Smoldering in Tehran, Part 2

 

 

Sima Nahan
November 5, 2005
iranian.com

I had not expected to find Ahmadinejad supporters among my own acquaintances. At the home of some friends of my mother’s I nearly choked when the young hostess said sweetly, “I almost called you in the U.S. to ask you to vote for Dr. Ahmadinejad.”

We were visiting the family in their small but cheerfully furnished and electronically equipped apartment. This was a traditional Iranian family, highly observant of form (five main courses for three guests, accompanied by a multitude of elaborate side dishes) and pious (the woman veiled by conviction, the conversation running to the impossibility of explaining to non-Shiites the significance of Hazrat Abolfazl). The bedroom of the three-year old son was crammed with the latest Disney toys and videos.

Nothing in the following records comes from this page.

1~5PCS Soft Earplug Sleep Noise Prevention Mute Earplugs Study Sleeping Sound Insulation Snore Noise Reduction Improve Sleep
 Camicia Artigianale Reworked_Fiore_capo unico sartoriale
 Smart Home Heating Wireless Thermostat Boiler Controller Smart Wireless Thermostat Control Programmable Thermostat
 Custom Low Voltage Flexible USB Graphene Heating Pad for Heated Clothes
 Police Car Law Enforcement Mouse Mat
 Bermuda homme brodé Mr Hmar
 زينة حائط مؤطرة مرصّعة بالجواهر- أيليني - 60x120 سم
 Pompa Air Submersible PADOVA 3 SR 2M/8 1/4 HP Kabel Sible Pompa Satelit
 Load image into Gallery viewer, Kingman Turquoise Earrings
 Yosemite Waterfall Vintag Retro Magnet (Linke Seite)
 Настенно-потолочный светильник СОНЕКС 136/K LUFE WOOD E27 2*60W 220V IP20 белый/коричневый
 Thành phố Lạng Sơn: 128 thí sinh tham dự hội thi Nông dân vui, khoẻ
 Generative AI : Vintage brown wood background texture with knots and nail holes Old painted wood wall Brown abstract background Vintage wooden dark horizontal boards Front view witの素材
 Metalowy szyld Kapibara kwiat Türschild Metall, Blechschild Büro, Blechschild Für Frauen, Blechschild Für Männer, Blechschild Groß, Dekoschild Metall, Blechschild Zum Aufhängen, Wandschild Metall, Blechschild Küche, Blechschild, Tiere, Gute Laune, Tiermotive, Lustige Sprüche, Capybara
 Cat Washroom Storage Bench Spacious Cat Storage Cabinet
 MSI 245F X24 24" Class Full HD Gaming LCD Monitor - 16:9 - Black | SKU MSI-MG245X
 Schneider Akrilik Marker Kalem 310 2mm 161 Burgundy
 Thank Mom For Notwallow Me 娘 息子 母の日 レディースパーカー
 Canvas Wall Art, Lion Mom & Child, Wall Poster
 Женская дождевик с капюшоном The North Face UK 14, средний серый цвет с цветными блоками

On his desk was a more powerful and equipped computer than I use, with Internet access and lots of children’s software. The wife was a warm-hearted special education teacher with high moral standards. (Her mother had until recently been a “women’s affairs” advisor to an old-time hardliner who was also running for election this year.) The husband was a graphic artist and an award-winning photographer, his bookshelves packed with art books. He was a two-time voter for Khatami, but the wife had not voted for Khatami on his second term. While husband and wife both were both religious, the husband seemed altogether more liberal than his wife.

“I did not vote,” I said in response to her comment about calling us. “I support neither Ahmadinejad nor Rafsanjani.” And I could not help adding: “I am not religious -- quite, quite secular, in fact.”

That being established to mutual respect, we discussed Ahmadinejad. As it turned out the husband and wife’s candidate in the first round of elections was not the newcomer Ahmadinejad but an old hardliner. In the second round, however, out of severe dislike for Rafsanjani they had voted for Ahmadinejad. “Rafsanjani had already proved himself to be corrupt,” the wife said, “so it was easier to give benefit of the doubt to a new candidate.” “And he’s not inexperienced,” she added. “He’s already been governor of Semnan and mayor of Tehran.” 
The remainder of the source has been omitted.